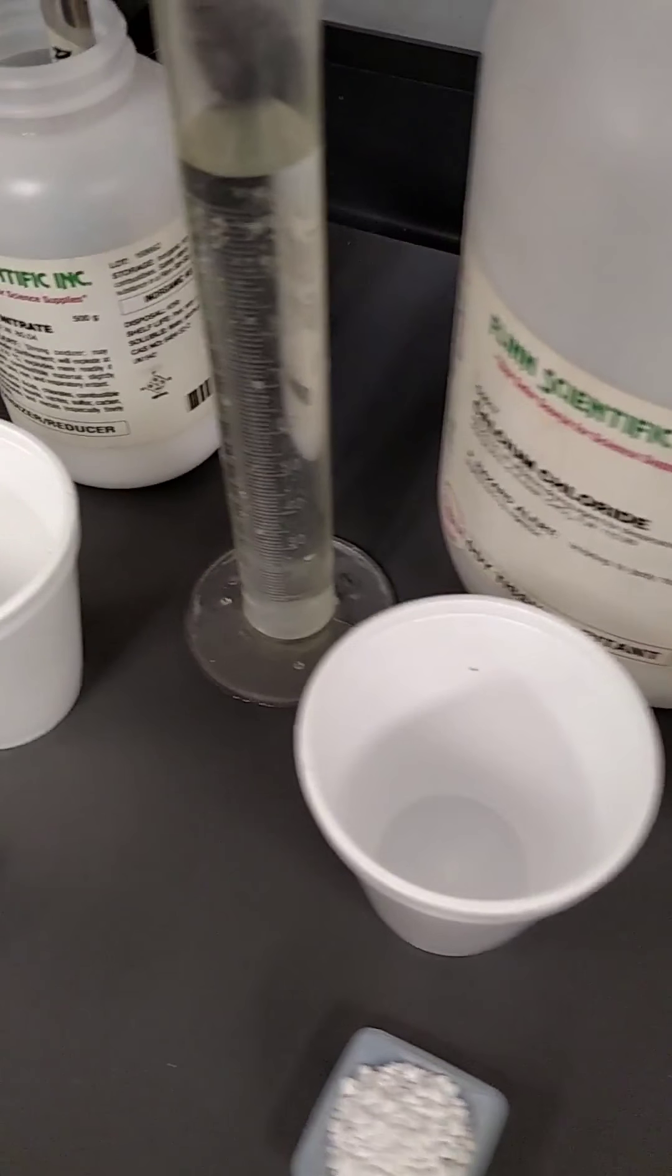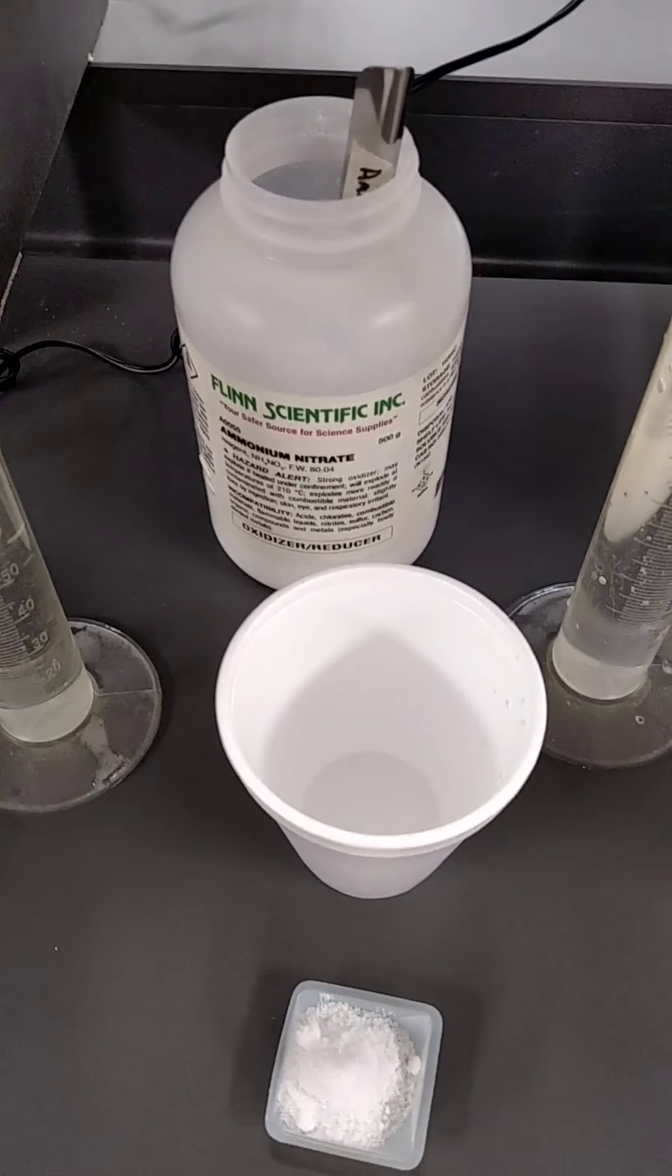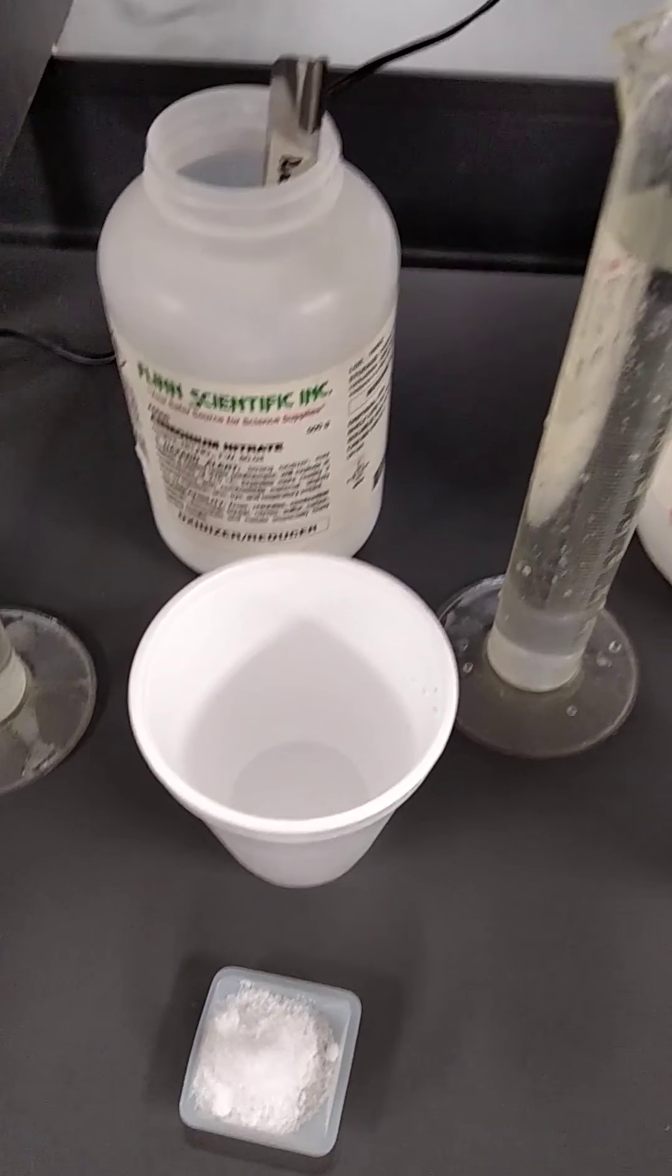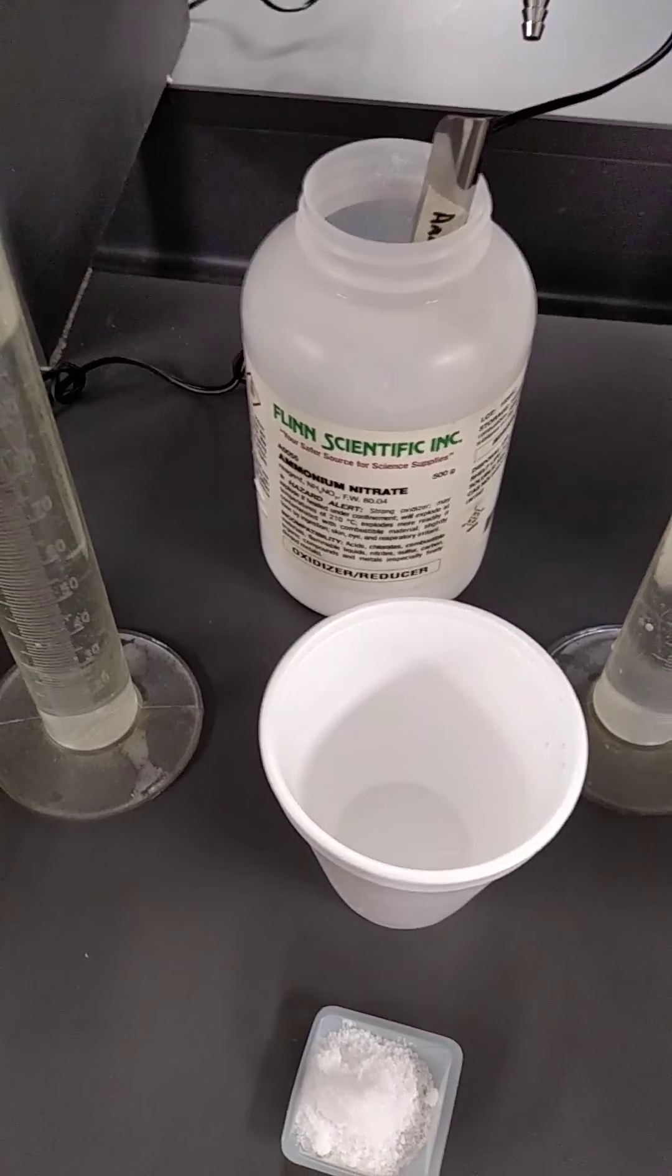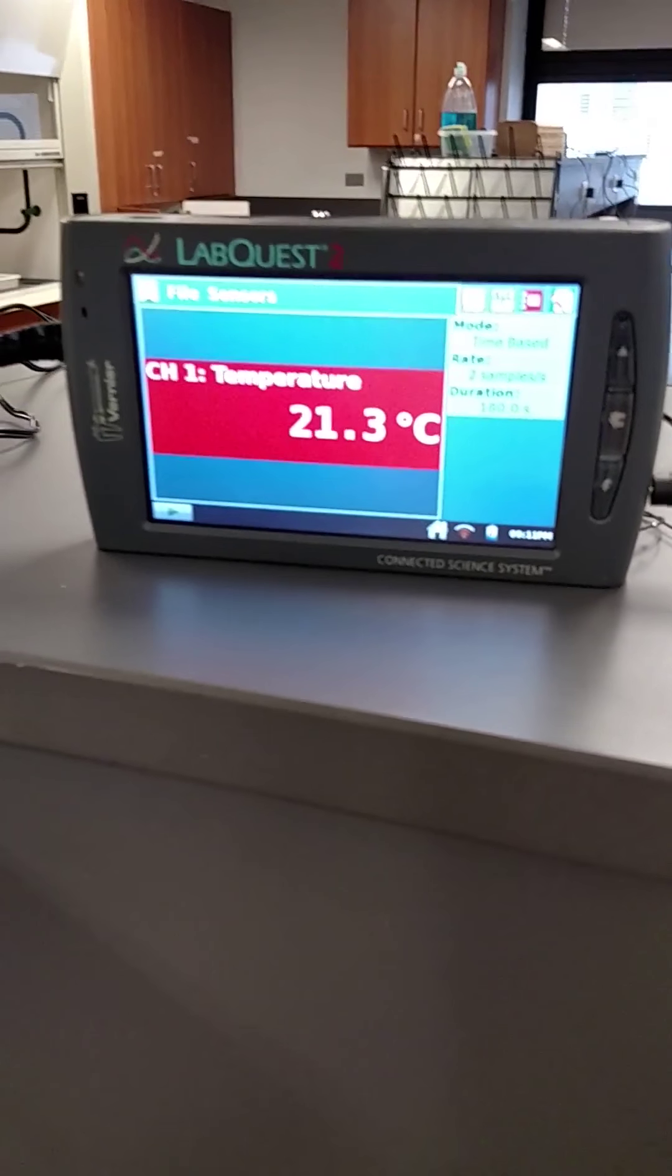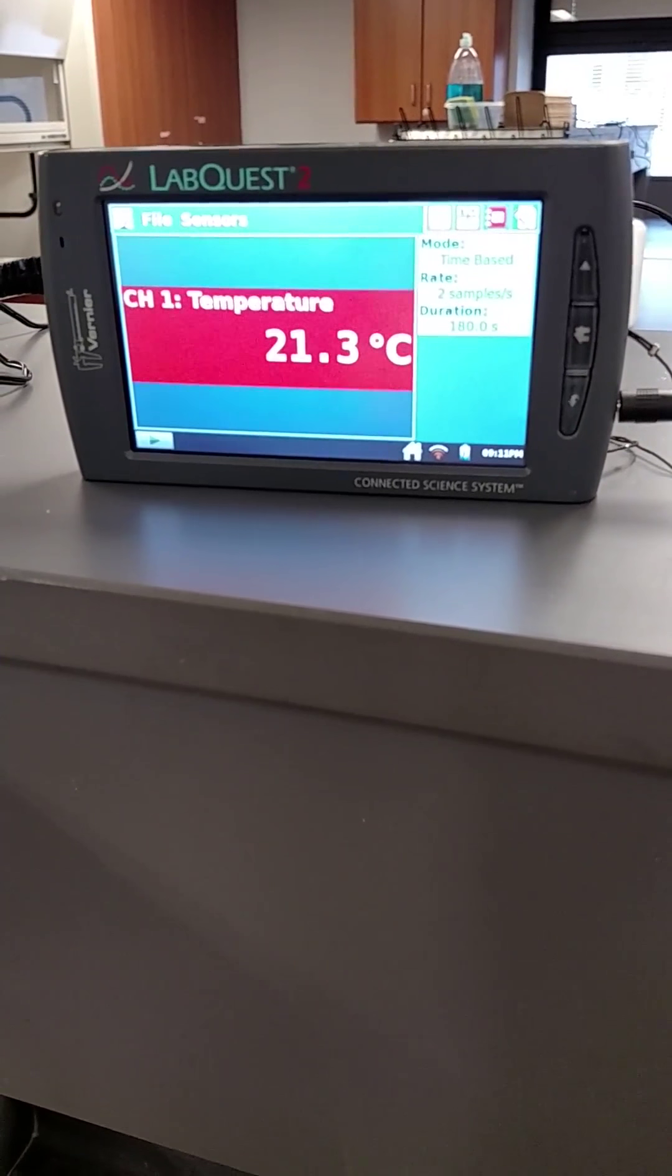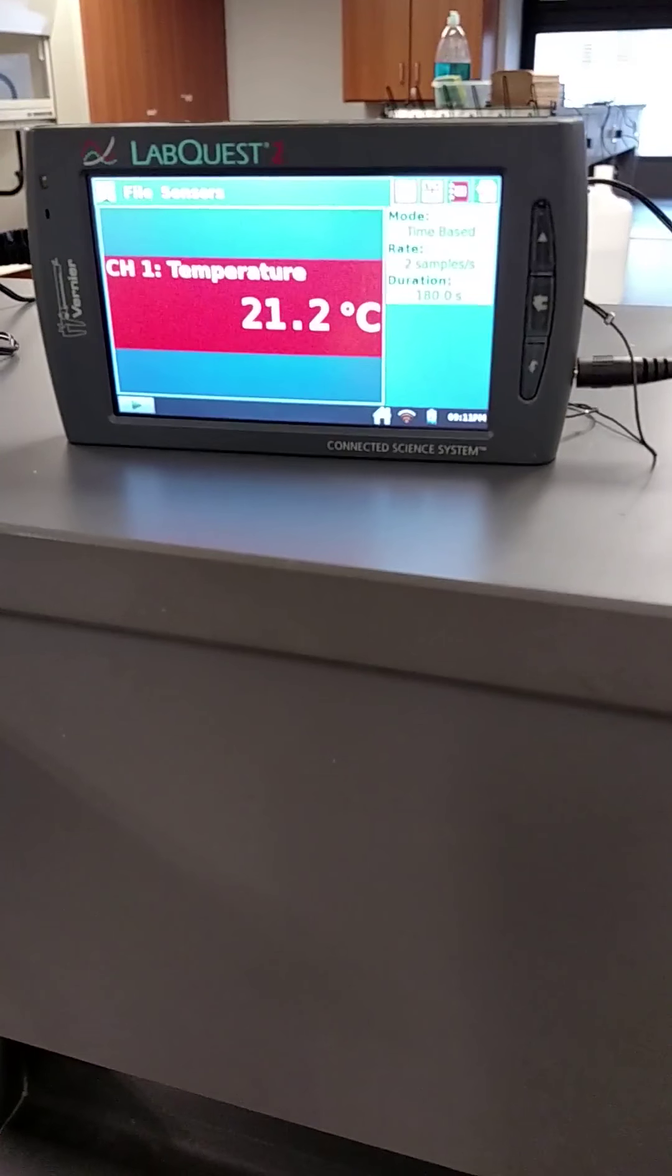So what's going to happen is we're going to add the five grams into each cup, and then 100 milliliters of the water, stir it around, and then watch the initial temperature and then the final temperature with something called a LabQuest. So this is the basic procedure, and now we'll start with each chemical.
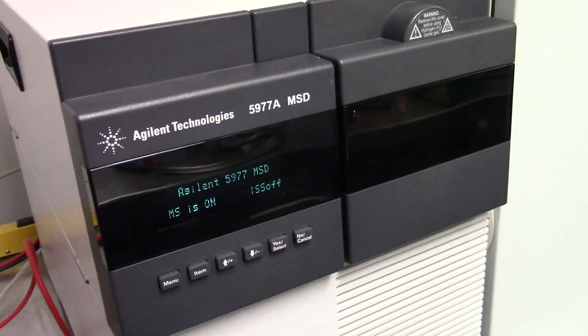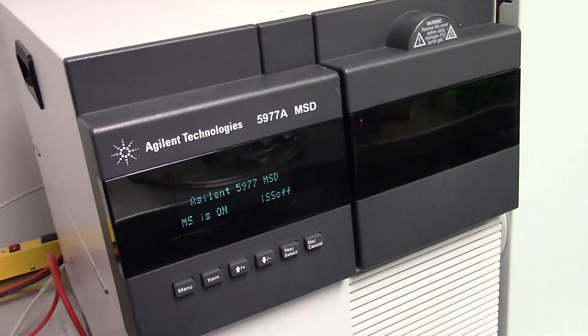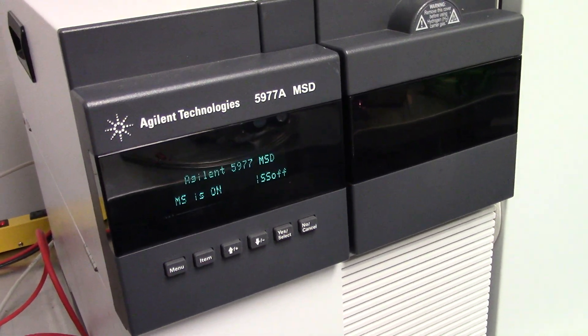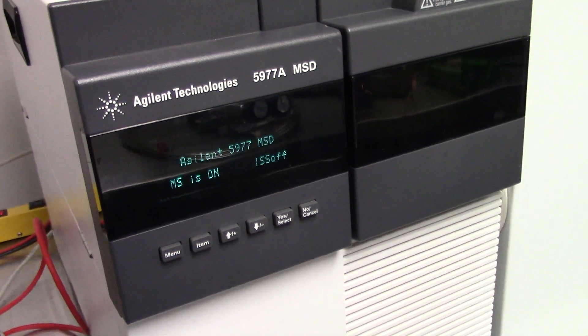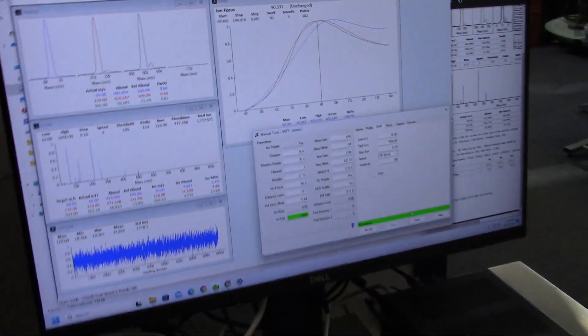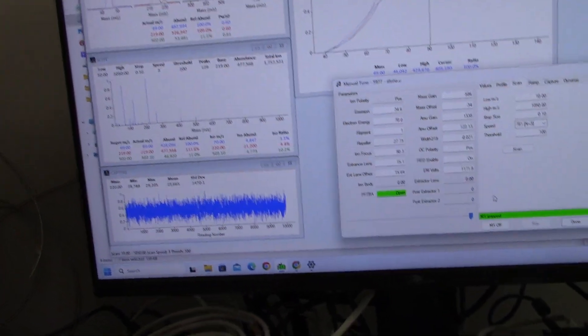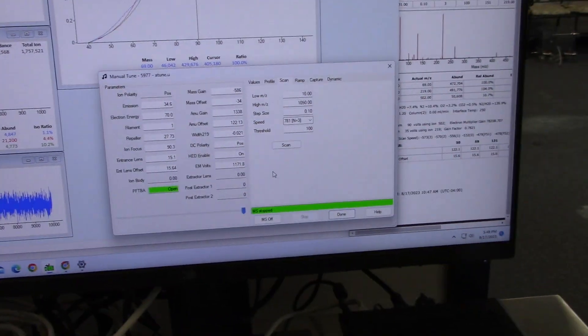In this video we're going to be concentrating on the mass spec detector. The instrument is live. I'm going to perform a scan right now.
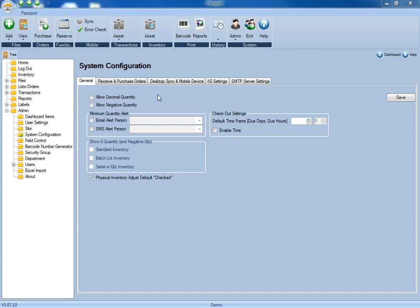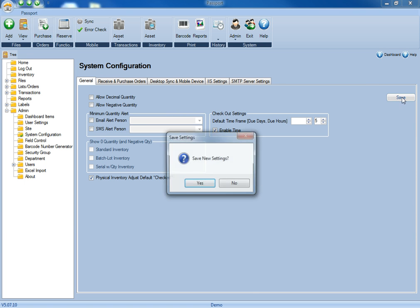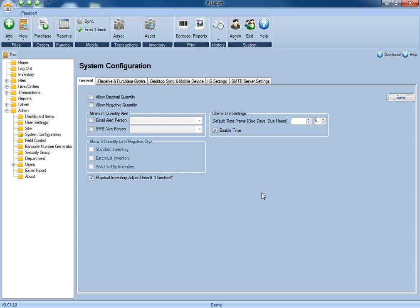However, if you are using the Checkout and Checkin module, you can specify the default number of days, or even the default number of hours an item is allowed to be checked out before it needs to be returned. Once you have all that information set, you can just click Save, and the new settings will be saved into Passport.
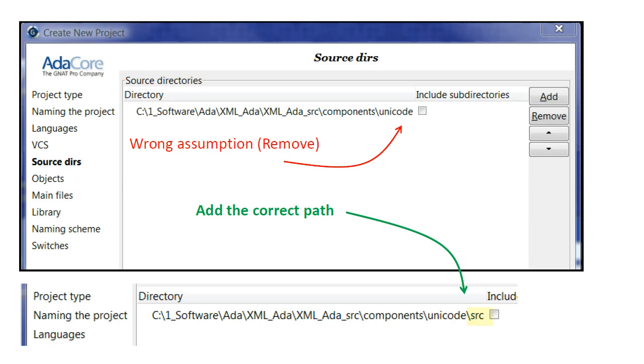We can also use this dialog to specify other source directories relevant to the Unicode library to extend the capabilities of this component. Click Forward to proceed.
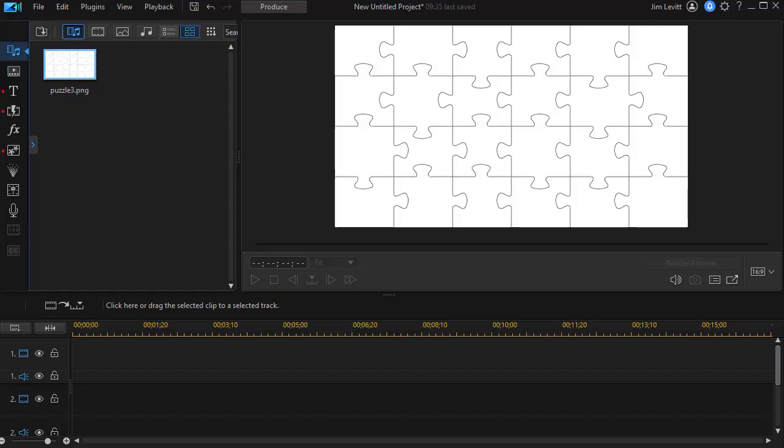In this tutorial in CyberLink PowerDirector, we're going to look at how you can introduce a video by assembling the first frame of it in puzzle pieces and then moving into full motion video. I saw this in a commercial and thought, that's cool, how can you do that? So we're going to look at that process in this tutorial. Please look at the following example and then we'll show you how to do that yourself.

**Instructions for the task**
The preceding listing must be repeated exactly, with all images dropped.

**Answer section**
So what's going to happen is we're going to add the five grams into each cup, and then 100 milliliters of the water, stir it around, and then watch the initial temperature and then the final temperature with something called a LabQuest. So this is the basic procedure, and now we'll start with each chemical.
In this video we're going to be concentrating on the mass spec detector. The instrument is live. I'm going to perform a scan right now.
However, if you are using the Checkout and Checkin module, you can specify the default number of days, or even the default number of hours an item is allowed to be checked out before it needs to be returned. Once you have all that information set, you can just click Save, and the new settings will be saved into Passport.
We can also use this dialog to specify other source directories relevant to the Unicode library to extend the capabilities of this component. Click Forward to proceed.
In this tutorial in CyberLink PowerDirector, we're going to look at how you can introduce a video by assembling the first frame of it in puzzle pieces and then moving into full motion video. I saw this in a commercial and thought, that's cool, how can you do that? So we're going to look at that process in this tutorial. Please look at the following example and then we'll show you how to do that yourself.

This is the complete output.